Valuable intellectual property rights can be lost due to basic contract drafting and mere oversight.


Progressive EMU, Inc. (“Pro Emu”) runs an emu farm in the Birmingham area and sells emu oil from various sources including the slaughter of birds raised on its farm. Nutrition & Fitness, Inc. (“NFI”) manufactures, markets and distributes various health products including products made with emu oil. Emu oil is marketed as a dietary supplement with a wide variety of claims health benefits.
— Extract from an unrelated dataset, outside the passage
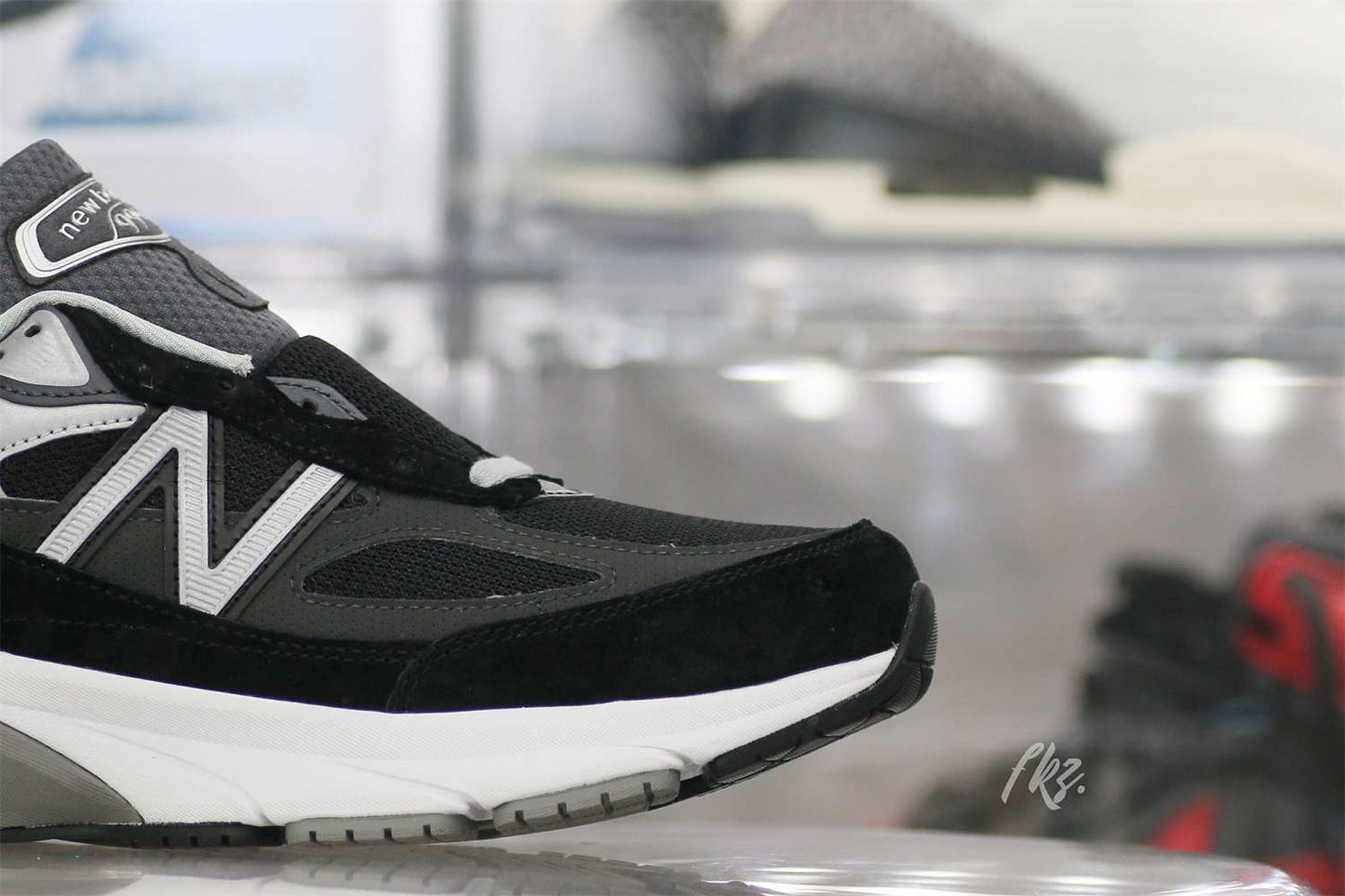 New Balance 990v6 MiUSA Black Grey White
Pro Emu sold emu oil to NFI. NFI’s main emu-based product is marketed as “BLUE EMU”.

In 2002 the parties entered into a letter of intent which provided, inter alia, that they would jointly own the BLUE EMU trademark. However, the following year the parties entered into a written Sales Agreement that stated in its merger clause that the Sales Agreement “…supersedes and cancels any and all prior agreements…including without limitation…that Letter of Intent between the parties dated 2002.” Thus, the court held that Pro Emu’s claim to partial ownership of the trademark BLUE EMU is ineffectual because the parties’ letter of intent was superseded by the parties’ subsequent Sales Agreement.

The court also noted that Pro Emu never objected to NFI’s claim of ownership of the BLUE EMU trademark or asserted that it had any type of ownership interests during the parties’ eight year course of performance.

This case is a good reminder that the simple things in a business, long taken for granted, can result in the loss of valuable rights.

The case is Progressive EMU, Inc. v. Nutrition & Fitness, Inc., Civil Action No.: 2:12-CV-01079-WMA in the United States District Court for the Northern District of Alabama, Southern Division and the Order was entered on June 7, 2013 by District Court Judge William M. Acker, Jr.